Rubén Darío, con una frase riconobbe nel nostro Apostolo questo talento che scatenò nello stesso tempo ammirazione, invidia e timori, perché superava la letteratura; «Martí fotografa e scolpisce nella lingua, dipinge o precisa l’idea, il suo pensiero, è un fulmine; la sua parola un timpano o una lamina d’argento o un’esplosione».
Nemmeno i suoi nemici hanno potuto negare questi doni del cubano che peregrinava per Nuova York e altre città del nascente impero dalle viscere brutali e dagli appetiti annessionisti.
Puri, squisiti, ambiti, sinceri come lui, la sua opera intellettuale e la sua arte non furono mai in vendita, non avevano prezzo, in tutti i casi aiutavano a sostenere il soggiorno in quella città dov’era andato per motivi patriottici e dove visse 15 anni con personali sacrifici: «Doveva vivere, doveva lavorare, e allora c’erano quelle cascate letterarie», sottolineò in un’occasione lo stesso Rubén Darío.
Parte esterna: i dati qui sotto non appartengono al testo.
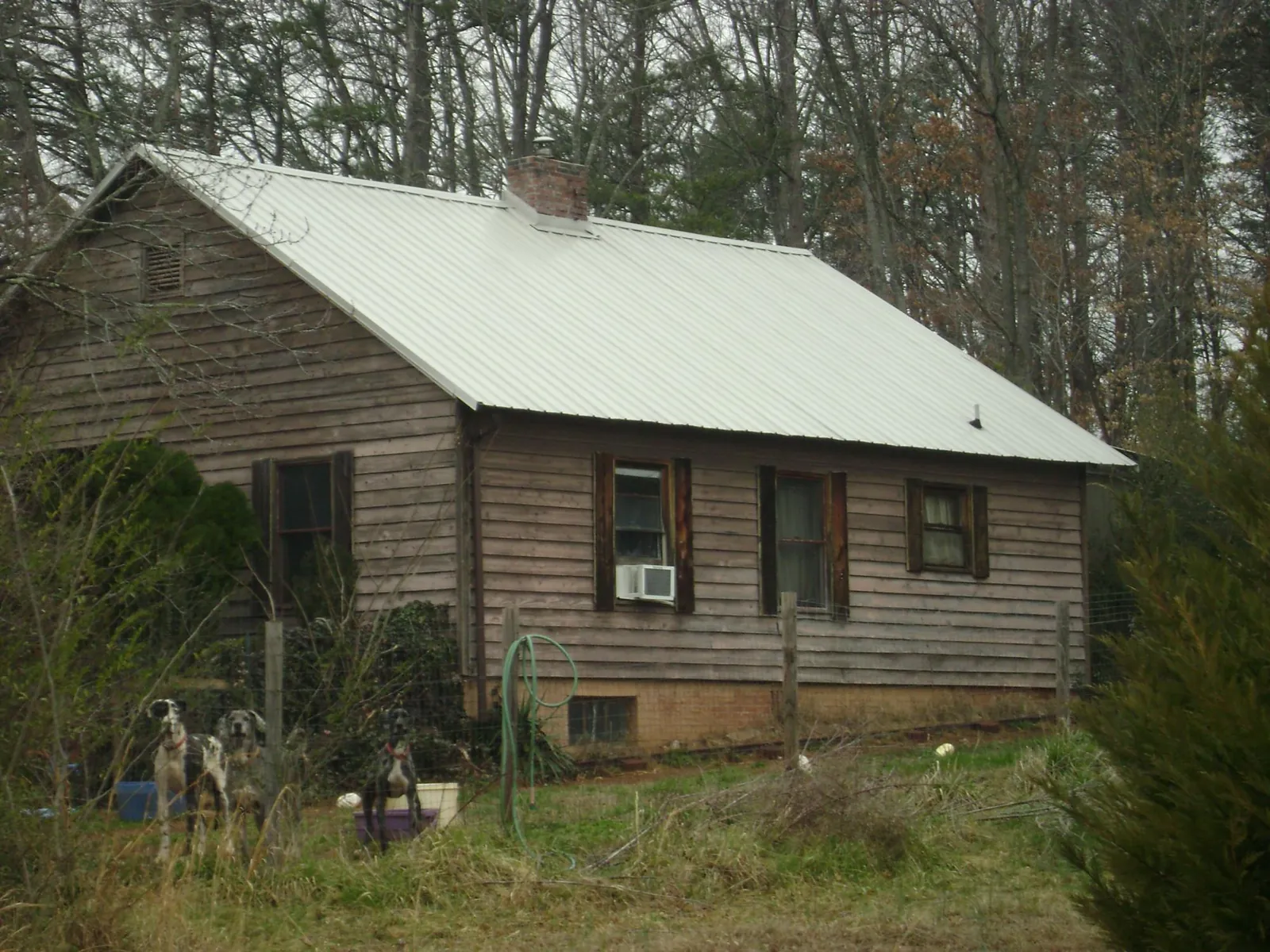 White metal roof on an old wood sided farmhouse, from a Metal Roof Installation job in Vestal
Avrebbe potuto vivere, senza esserselo proposto, una vita comoda e ricca, e per mantenerla gli avanzavano le capacità intellettuali e la genialità creatrice, ma nella sua etica e nella sua lealtà alla Patria, l’opportunismo non ebbe mai spazio Lo ossessionava il sogno della sua Isola.
«Il dovere di un uomo è lì dov’è più utile».
Pronuncio arringhe, chiarì, smontò transazioni, affrontò annessionismi aperti e camuffati, pose fondamenta all’unità. «Ha sacrificato la forza intera per unire la nostra gente (…) per salvare la Rivoluzione dalla sola cosa che la minaccia: il tradimento», confessò in una lettera al Generalissimo Máximo Gómez.
José Martí piantò sementi che poi germinarono robuste in Fidel, Raúl e i giovani del centenario, nei Cinque Eroi e in tanti cubani che, senza vanterie né ipocrisie, dall’arte autentica, dalla scienza o dal solco, innalzano l’orgoglio di una bandiera «che non è stata – né sarà mai- mercenaria». (GM- Granma Int.)